Vinculin mRNA colocalizes with PTB to the cell periphery of spreading fibroblasts. (A) Western blot for vinculin and beta-actin in wild-type and vinculin null MEFs shows an absence of vinculin protein in the null cells. (B) Wild-type and vinculin null MEFs were fixed with 4% PFA, and in situ hybridization was performed with two riboprobes specific to different regions of the 3′ UTR of vinculin mRNA. Riboprobe 3 was Cy3 labeled, and riboprobe 5 was Cy5 labeled. The arrowheads identify vinculin mRNA localization to protrusions and cell periphery. (C) Cells allowed to adhere for 20 min were fixed and immunofluorescence performed with anti-PTB (CT) antibody. Cells were postfixed with PFA, and in situ hybridization was performed with Cy3-labeled vinculin riboprobes 3 and 5 combined. The arrowhead in the enlarged image identifies regions of colocalization in newly formed protrusions. Scale bars, 20 μm except in the enlarged images to the right in panel C (5 μm).

FIG. 9.

PTB knockdown decreases localization of vinculin mRNA to the cell periphery. (A) MEFs were transfected with shPTB(B) or empty vector (control). After 3 days, cells were replated on fibronectin and allowed to adhere for 90 min as described previously.

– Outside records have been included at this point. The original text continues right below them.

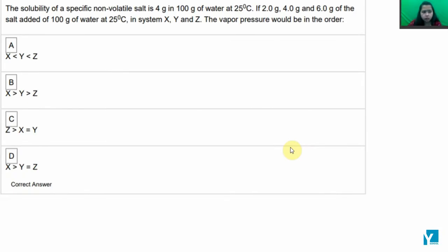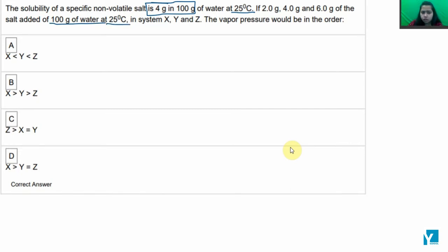The solubility of a specific non-volatile salt is 4 gram in 100 gram of water at 25 degree Celsius. Now the next statement is: if 2 gram, 4 gram, and 6 gram of the salt are added to 100 gram of water at 25 degree Celsius in system XYZ, then the vapor pressure would be in the order.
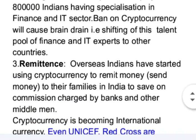Regarding remittance: overseas Indians have started using cryptocurrency to remit money to their families in India, in order to save on the commission charged by banks and other middlemen.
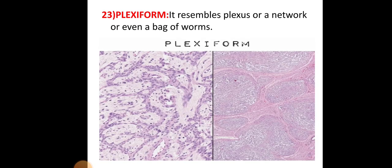The plexiform pattern resembles a plexus, a network, or even a bag of worms.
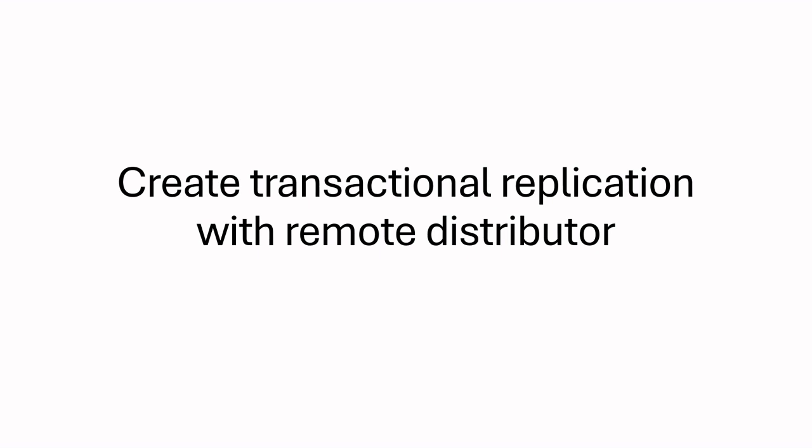Hello everyone, welcome to my channel. Now I'm going to share how to create transactional replication in SQL Server with Remote Distributor.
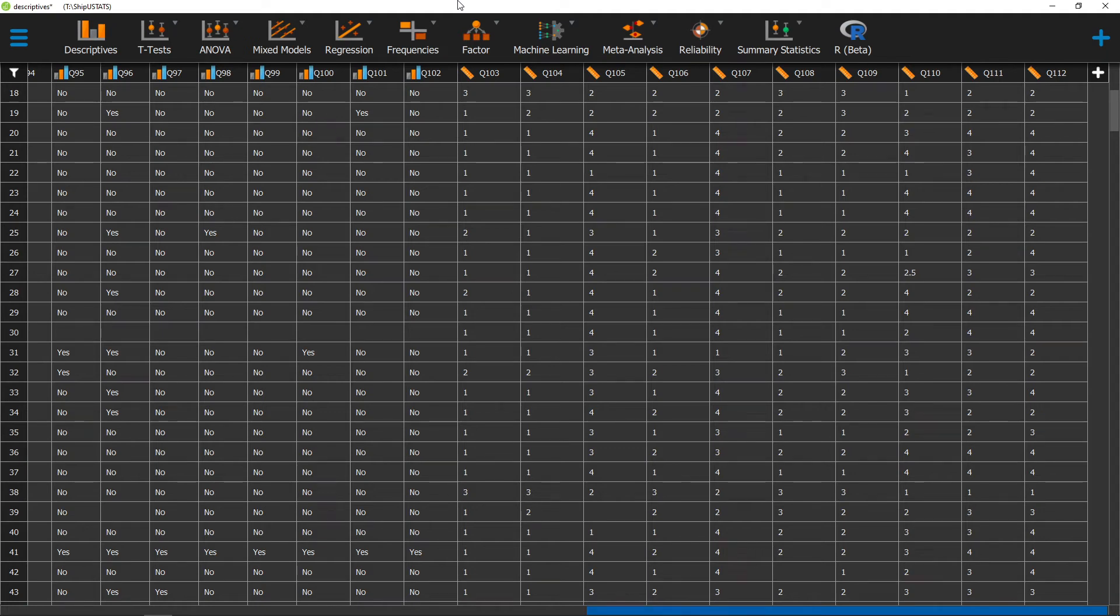Hello, and welcome to ShipUStats. In this video, we're going to go over the Shapiro-Wilk test of normality in JASP.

FISH was performed using vinculin-specific probes (riboprobes 3 and 5 combined). Shown are representative images from three independent experiments of knockdown and control cells hybridized with labeled vinculin transcript. Arrowheads indicate GFP-positive transfected cells. (B) Vinculin mRNA fluorescence signal at the outer regions of transfected and nontransfected cells in the same optical field was quantitated as follows: total fluorescence for a cell (a, fluorescence total within the area outlined by the blue line) and the total fluorescence within the main cell body (b, fluorescence total within the area outlined by the white line) were calculated, and the percentage of mRNA localizing to the cell peripheral region was then calculated as (a − b)/a. This calculation was performed for a transfected cell and a nontransfected cell in the same optical field. Arrowheads indicate GFP-positive transfected cells. Scale bars, 20 μm. (C) The data show the means ± standard errors of the means from three independent experiments [for shPTB(B), n = 60 nontransfected and transfected cells; for control, n = 60 nontransfected and transfected cells). The asterisks indicate statistical significance measured by a paired t test (***, P < 0.0001).